Flash and Fire Point Test
At high temperatures depending upon the grades of bitumen, materials leave out volatiles. And these volatiles catches fire which is very hazardous and therefore it is essential to qualify this temperature for each bitumen grade. BIS defined the flashpoint as the temperature at which the vapour of bitumen momentarily catches fire in the form of flash under specified test conditions. The fire point is defined as the lowest temperature under specified test conditions at which the bituminous material gets ignited and burns.
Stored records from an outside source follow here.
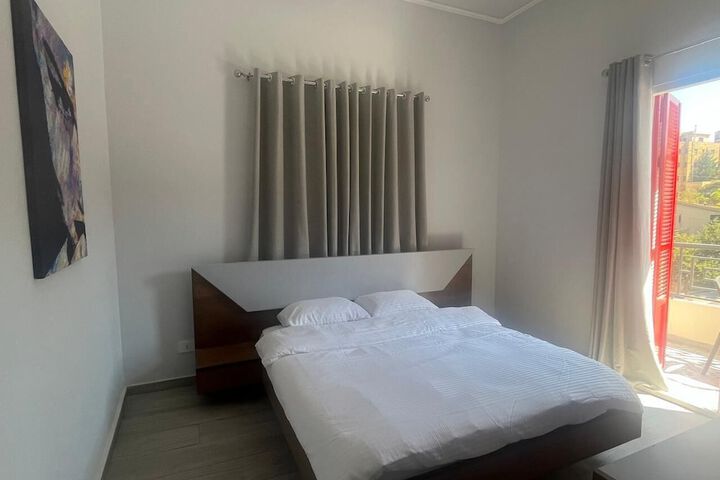 Room 3 of 45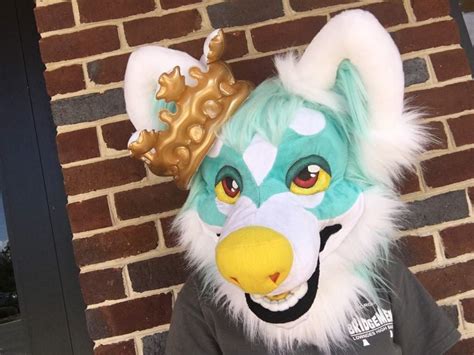 Happy Fursuit Friday🐾 Furry Amino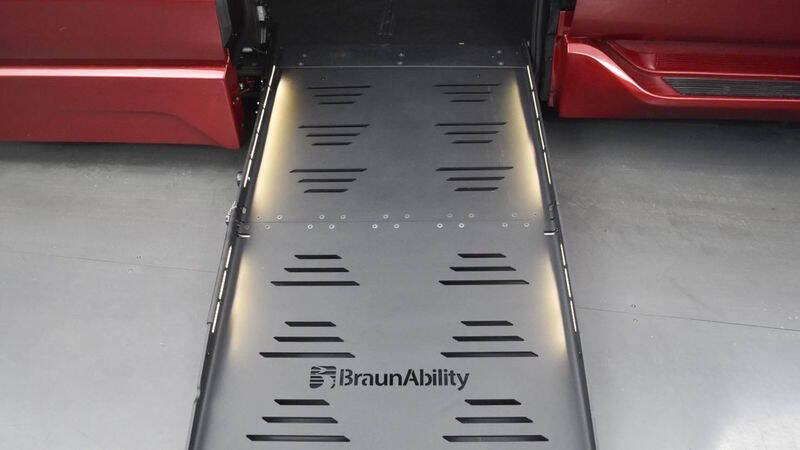 2025 Toyota Sienna XLE 7-Passenger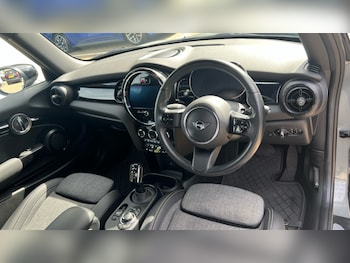 Used MINI Hatch 2021 for sale - 75672040: Photo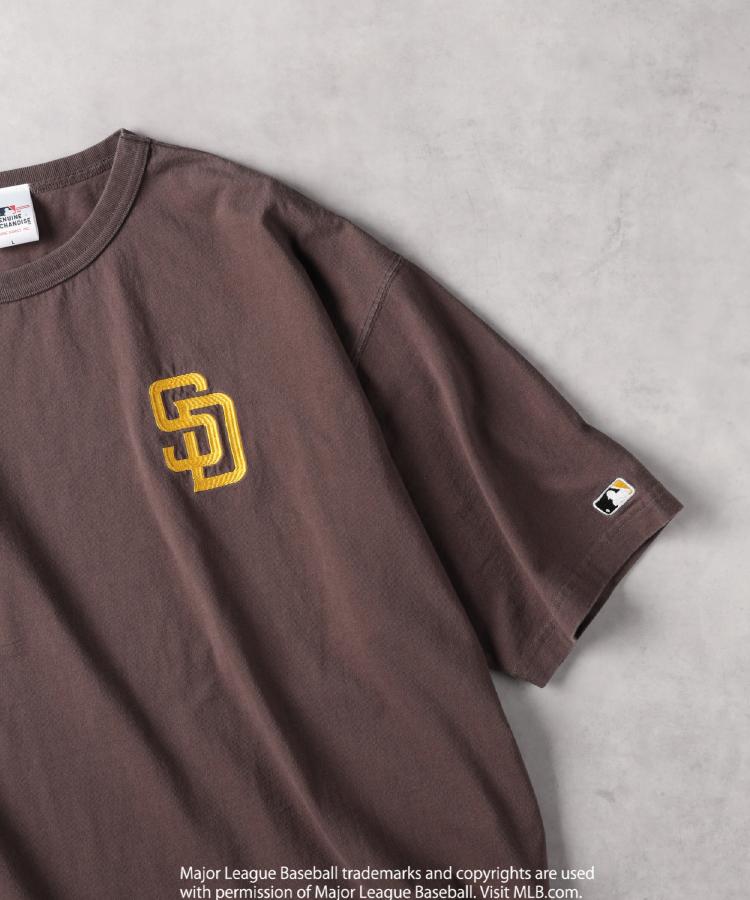 ライトオン(Right-on)のMLB(エムエルビー)カスレ加工プリントTシャツ8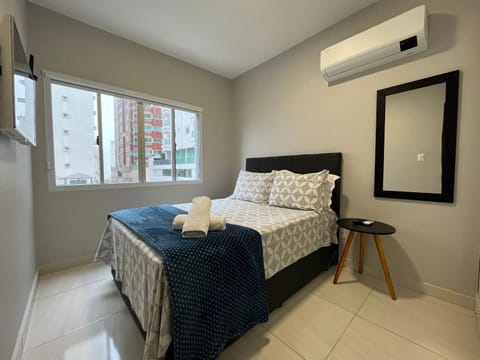 Bed, Bedroom, towels, air conditioner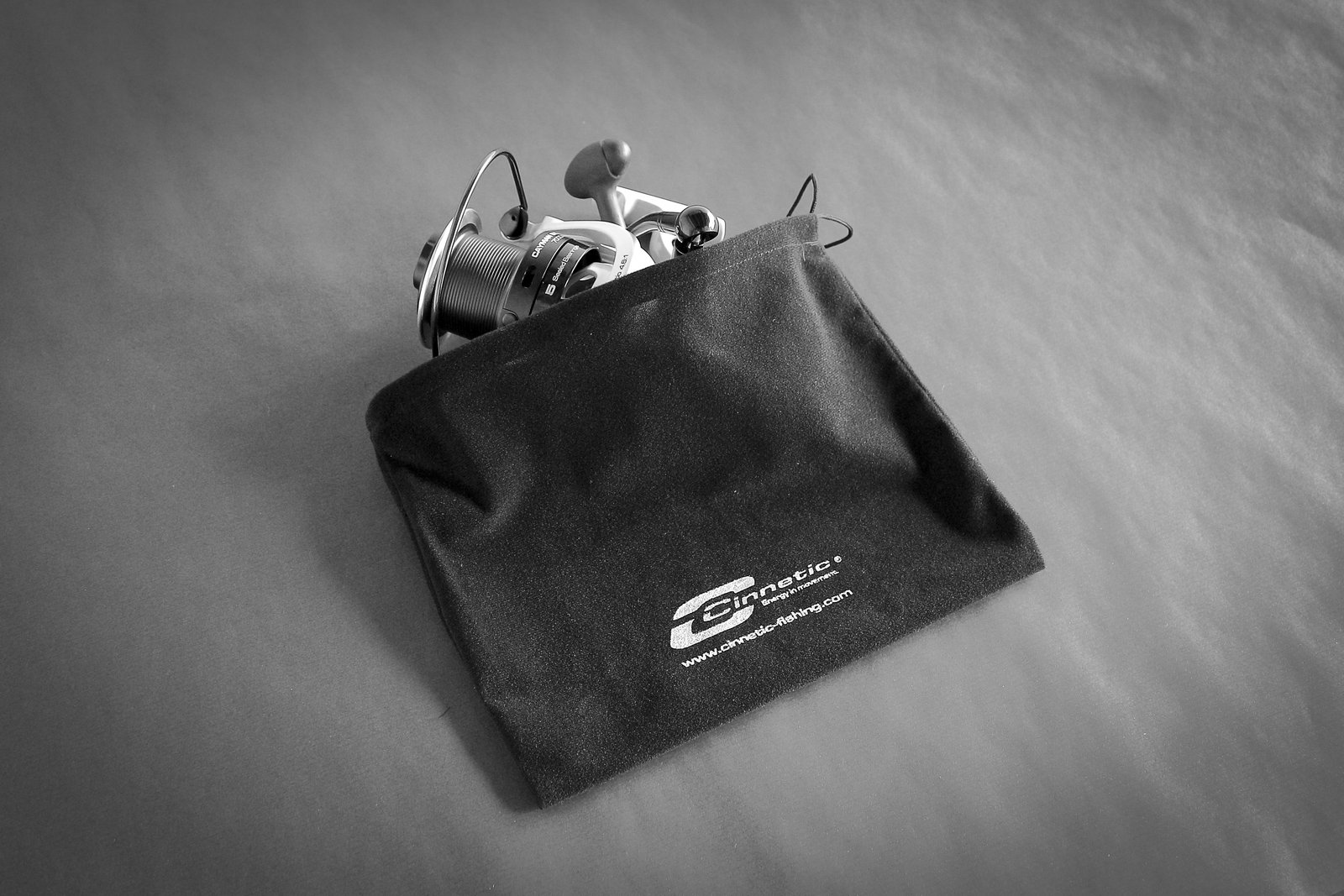 Funda de tela aterciopelada Cinnetic Reel Bag con cierre de cordón para carrete de pesca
Normally the consistency of bituminous material can be measured either by penetration test or viscosity test. But for a certain range of consistencies, these tests are not applicable and Float test is used. The apparatus consists of an aluminium float and a brass collar filled with bitumen to be tested. The specimen in the mould is cooled to a temperature of 5°C and screwed in to float. The total test assembly is floated in the water bath at 50°C and the time required for water to pass its way through the specimen plug is noted in seconds and is expressed as the float value.
Water Content Test
It is desirable that the bitumen contains minimum water content to prevent foaming of the bitumen when it is heated above the boiling point of water. The water in bitumen is determined by mixing the known weight of specimen in a pure petroleum distillate free from water, heating, and distilling off the water. The weight of the water condensed and collected is expressed as a percentage by weight of the original sample. The allowable maximum water content should not be more than 0.2% by weight.
Loss on Heating Test
When the bitumen is heated it loses the volatility and gets hardened. About 50gm of the sample is weighed and heated to a temperature of 163°C for 5 hours in a specified oven designed for this test. The sample specimen is weighed again after the heating period and loss in weight is expressed a percentage by weight of the original sample. Bitumen used in pavement mixes should not indicate more than 1% loss in weight, but for bitumen having penetration values 150-200 up to 2% loss in weight is allowed.